The Witcher 3 is harder than Skyrim but easier than Dark Souls – unless you venture into permadeath territory.
The Witcher 3: Wild Hunt is unusually positioned in the RPG pantheon. It has all the hallmarks of a game with the potential to go blockbuster – gorgeous, bar-setting graphics, a huge, lively world, and more – but it also refuses to shuck off the niche genre conventions so beloved of hardcore RPG fans.
That means, if you’re new to the series, that you will be confronted by pages of confusing statistics and information, and you will die at least a few times while you learn the combat system.
“Dark difficulty is something that many people in the company are very passionate about. If you die five minutes before the ending, it’s over.”
In an age where many developers and publishers focus on broadening their appeal and accessibility, CD Projekt RED and Namco Bandai (which also publishes Dark Souls, remember) seem happy to embrace the genuine delights of hardcore western RPGs. Yes, some people are going to be put off – but those who persevere will be rewarded, as any WRPG fan will tell you.
If you liked the earlier Witcher games or subscribe to the Dark Souls fandom, you already know how you feel about this, I’m sure. But if you’re not really keen on RPGs with action gameplay you may be on the fence, and with good reason; this is no Skyrim.
Combat in The Witcher 3 requires finesse and precision as well as agility, rapid tactical decisions and a balanced approach to levelling and crafting. There is no enemy scaling – venture too far into end game territory and you’ll be slaughtered.
Even the early encounters can be tough for newcomers, actually, and CD Projekt RED has worked hard to ensure the game always feels challenging – even on normal difficulty.
The developer expects most people to choose normal difficulty – it’s the default. But “Normal should be a challenge,” quest designer Philipp Weber told me.
“Usually normal is easy, and easy is – well, you can be on your phone while playing.”
Not in The Witcher 3, obviously. CD Projekt RED expects its players to be willing to learn and to struggle – as well as to accept the scary menu screens.
“We want it to be easy to learn but hard to master,” Weber said.
“Right in the beginning you will have that big screen [of stats], but you will not have that many options.

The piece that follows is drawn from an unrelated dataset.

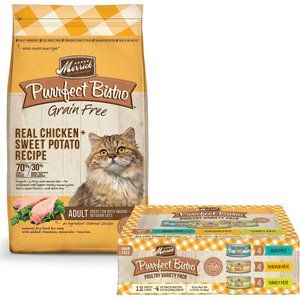 Merrick Purrfect Bistro Real Chicken + Sweet Potato Recipe Dry Food + Poultry Variety Pack Canned Cat Food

I think you always know what different things you can do.
“It’s the same with the difficulty – there’s a nice curve. It gets more difficult the more you progress in the game, but also you will learn more and more things.
“I don’t think we actually throw that much different stuff on you at the same time, so you’d have to read about it – it works pretty naturally.”
Paint it Black
For those who really want to be tested, The Witcher 3 offers something not even the Souls series does – Dark difficulty. Not only does this setting turn it up to 11, it introduces permadeath.
Let’s pause briefly and consider that. Permadeath. In a game that may take you hundreds of hours to explore fully, if that’s your bag.
“Dark difficulty is something that many people in the company are very passionate about,” Weber said when I expressed incredulity at this feature.
“Because they want a real challenge. If you die five minutes before the ending, it’s over. There are actually people who have already done it,” he added.
At the end of my time with The Witcher 3 and CD Projekt RED earlier this month, I decided to nail down precisely how hard the RPG is. Pulling out my notebook and a pen, I drew a simple chart and labelled the Y axis with “Skyrim” at the bottom and “Dark Souls” at the top.
“I don’t know what the X axis is,” I apologised, “But let’s say the Y axis is a difficulty scale. Down at the bottom here is the toughest challenge in Skyrim. Up the top here is the hardest thing in Dark Souls – something really life destroying, you know?”
Weber caught on immediately. “First of all, Dark difficulty would be somewhere over here,” he said, indicating a space on the other side of the table from us. We both laughed.
“So where’s normal?” I asked, handing him my pen.
He only hesitated for a moment before drawing a line exactly in the middle of the two extremes. So there you have it.